The glucocorticoid RU24858 does not distinguish between transrepression and transactivation in primary human eosinophils

Authors: Mirkka Janka-Junttila, Eeva Moilanen, Hannele Hasala, Xianzhi Zhang, Ian Adcock, Hannu Kankaanranta

Published in: Journal of Inflammation | Issue 1/2006

Abstract

Background

Glucocorticoids are used to treat chronic inflammatory diseases such as asthma. Induction of eosinophil apoptosis is considered to be one of the main mechanisms behind the anti-asthmatic effect of glucocorticoids. Glucocorticoid binding to its receptor (GR) can have a dual effect on gene transcription. Activated GR can activate transcription (transactivation), or by interacting with other transcription factors such as NF-κB suppress transcription (transrepression). RU24858 has been reported to transrepress but to have little or no transactivation capability in other cell types. The dissociated properties of RU24858 have not been previously studied in non-malignant human cells. As the eosinophils have a very short lifetime and many of the modern molecular biological methods cannot be used, a "dissociated steroid" would be a valuable tool to evaluate the mechanism of action of glucocorticoids in human eosinophils. The aim of this study was to elucidate the ability of RU24858 to activate and repress gene expression in human eosinophils in order to see whether it is a dissociated steroid in human eosinophils.

Methods

Human peripheral blood eosinophils were isolated under sterile conditions and cultured in the presence and/or absence RU24858. For comparison, dexamethasone and mometasone were used.

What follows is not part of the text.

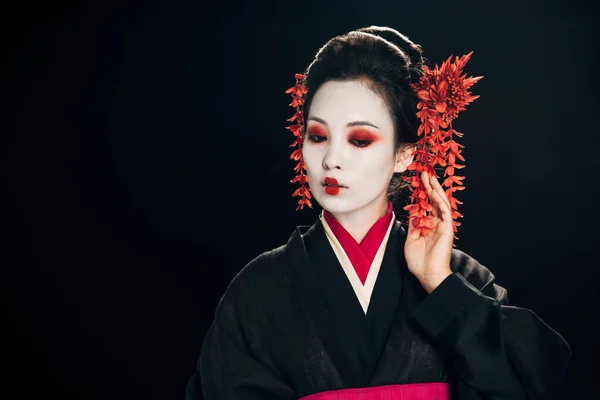 Bella geisha in kimono nero e rosso e fiori in capelli con mano vicino al viso isolato su nero con spazio copia — Foto stock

We measured chemokine receptor-4 (CXCR4) and Annexin 1 expression by flow cytometry and cytokine production by ELISA. Apoptosis was measured by DNA fragmentation and confirmed by morphological analysis.

Results

RU24858 (1 μM) increased CXCR4 and Annexin 1 expression on eosinophils to a similar extent as mometasone (1 μM) and dexamethasone (1 μM). Like dexamethasone and mometasone, RU24858 did suppress IL-8 and MCP-1 production in eosinophils. RU24858 also increased spontaneous eosinophil apoptosis to a similar degree as dexamethasone and mometasone, but unlike dexamethasone and mometasone it did not reverse IL-5- or GM-CSF-induced eosinophil survival.

Conclusion

Our results suggest that in human eosinophils RU24858 acts as transactivator and transrepressor like classical glucocorticoids. Thus, RU24858 seems not to be a "dissociated steroid" in primary human eosinophils in contrast to that reported in animal cells. In addition, functionally RU24858 seems to be a less potent glucocorticoid as it did not reverse IL-5- and GM-CSF-afforded eosinophil survival similarly to dexamethasone and mometasone.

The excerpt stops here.